La liturgie du carême, telle que nous la vivons, a été conçue et organisée à Rome au début du Ve siècle en référence à deux groupes de chrétiens qui pendant ces six semaines se préparaient à la fête de Pâques : d’une part, les catéchumènes, ou candidats au baptême, qui seraient baptisés au cours de la Vigile pascale ; d’autre part, les pénitents, coupables de fautes graves, exclus de la communauté et de la communion, qui seraient réconciliés le jeudi saint et pourraient communier à Pâques. Saint Léon, pape de 440 à 461, écrit que « sur toute la surface de la terre des milliers d’hommes se préparent à la régénération dans le Christ », et en même temps « ceux qui sont tombés se lavent dans les larmes de la pénitence pour être admis aux remèdes de la réconciliation », itinéraire parcouru aussi bien par les catéchumènes en quête d’illumination que par les pénitents en quête de réconciliation. L’évangile de la Tentation est une vigoureuse invitation à dénoncer Satan et à proclamer la foi au seul Dieu.
En ce premier dimanche, l’Église nous fait entendre chaque année le récit mystérieux de la tentation de Jésus au désert : récit développé de façon semblable par Matthieu et par Luc, mentionné en une ligne par Marc. Bien sûr, on peut se demander d’où les évangélistes tiennent leur information, puisque nul témoin n’a assisté à cette confrontation de Jésus avec le Tentateur.
Quoi qu’il en soit, les trois synoptiques assurent que Jésus a jeûné pendant quarante jours. On comprend que l’Église, lorsqu’elle établit le jeûne de quarante jours du carême, se réfère à cet évangile qui donne le modèle et presque l’institution du carême chrétien. L’Eglise nous renvoie aussi au drame de la première tentation. Tandis que le premier couple a succombé à la tentation, le Christ et ceux qui le suivent ont la force de résister. L’enseignement vaut pour les catéchumènes qui lors de leur baptême auront à renoncer à Satan ou plus exactement à le dénoncer ; il vaut pour les chrétiens qui se reconnaissent pécheurs et vivent le carême comme un temps de conversion, de pénitence pour leurs fautes, d’effort pour ne plus succomber à la tentation ; et il vaut pour tous ceux qui entrent dans ce temps de carême avec la volonté de se libérer des puissances du mal pour suivre le Christ plus fidèlement.

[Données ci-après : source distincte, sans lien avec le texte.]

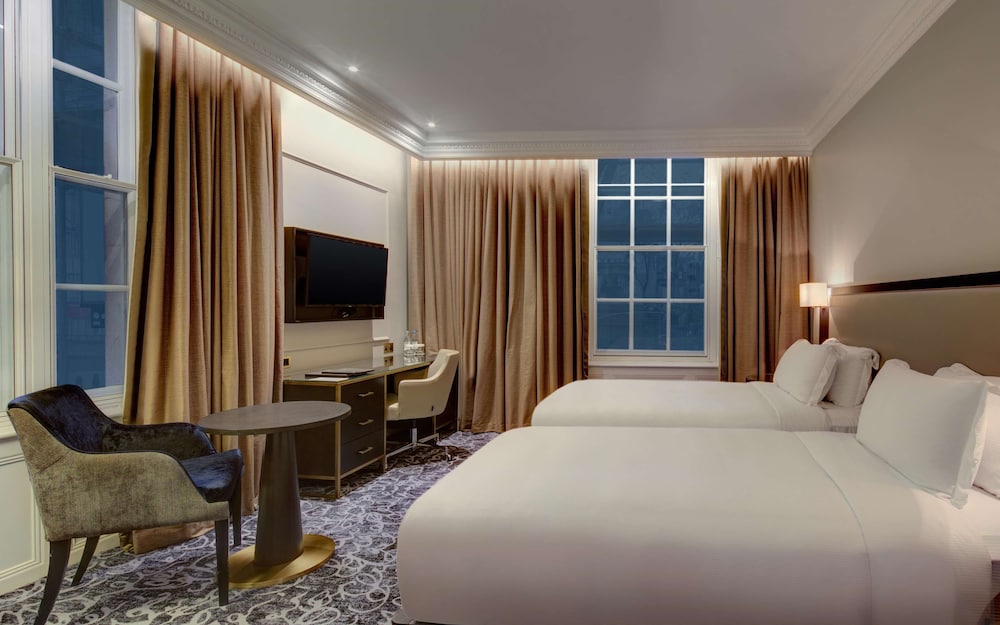 Habitación con 2 camas individuales del hotel Hilton London Euston. Foto 3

Le processus de la tentation est le même au paradis ou au désert : il s’agit d’un dialogue entre deux voix, la voix de Satan le Tentateur et la voix de Dieu le Créateur. « Écoute ma voix », dit Satan. « Écoute la parole de Dieu », répond Jésus. Ève elle-même réplique timidement au serpent : « Dieu nous a dit de ne pas manger des fruits de cet arbre. »
Derrière ces deux voix, sont présents deux Esprits : d’une part, l’Esprit de Dieu qui est descendu sur Jésus lors de son baptême sous l’aspect d’une colombe et qui maintenant le conduit au désert pour être tenté (Mt 4, 1) ; d’autre part, l’Esprit du mensonge et de la désillusion, qui au paradis s’était glissé sous l’apparence d’un serpent, le plus rusé de tous les animaux (Gn 3, 1), qui avait réussi à tromper Ève et qui échoue ici à tromper le Christ par ses promesses mirifiques et fallacieuses.
Ce processus de la tentation se renouvelle pour chacun de nous. Si nous n’entendons pas clairement la voix de Dieu ou celle du Tentateur, nous savons très bien que Dieu nous a donné son Esprit Saint dans les sacrements de baptême et de confirmation, que dans l’eucharistie nous recevons le corps du Christ pour recevoir aussi son Esprit. Et, par ailleurs, nous savons tout aussi bien que celui qui est « menteur et père du mensonge dès l’origine » (Jn 8, 44) nous propose chaque jour un fruit séduisant, une expérience nouvelle à tenter, qui fera de nous un petit dieu, autonome et suffisant. Pourquoi accepter des interdits qui nous sont imposés de façon arbitraire par une autorité contestable et qui limitent notre liberté ?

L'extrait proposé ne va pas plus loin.